I did that exploration of sensible terminal primitives we talked about,
but hit a wall. Basically there are two scenarios:
1. Program uses the entire screen.
2. Program uses the screen from the line with the cursor on down.
Case 1 corresponds to curese, case 2 corresponds to line editors such as
readline and its fancier counterparts.
Case 1 should draw on the "alternate screen" of terminal emulators. Case
2 should probably draw on the main screen [obligatory "all your base"

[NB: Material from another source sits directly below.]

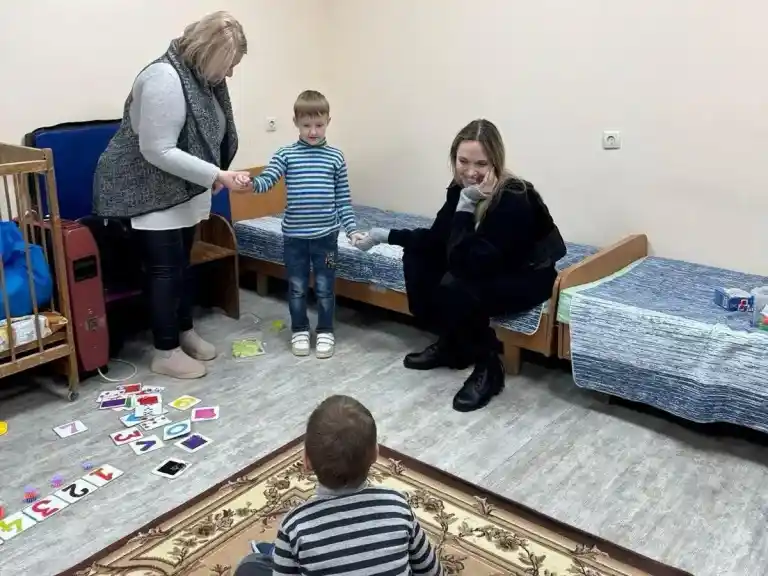 Imagen 1 de Angelina Jolie visita un hospital en una de las ciudades más peligrosas en Ucrania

joke here]. The main screen is where the readline prompts from all your
familiar programs go currently. The alternate screen where things like
less, vim and emacs draw things. The reason why your readline prompts
are preserved when you quit 'less' is because less drew everything on
the alt screen.
I'd like to try writing a "no crud shell" - like bash, but doesn't let
any terminal crud from failed screen updates show on your screen. Would
it be possible without putting new ioctl() interfaces into Unix terminal
drivers? Basically whenever you run any shell command, it would open a
pty (pseudo-terminal) and run that command in the pty. The stuff the
command wrote to the pty would be scrutinized for any crud, and this "no
crud shell" would make sure that only good control codes are passed
through to the real terminal emulator. Haven't thought about the details
yet. But if such a feat could be accomplished, it would teach us what a
sane terminal interface is, so that after untold decades we could
finally get the daily terminal crud off our screens for good.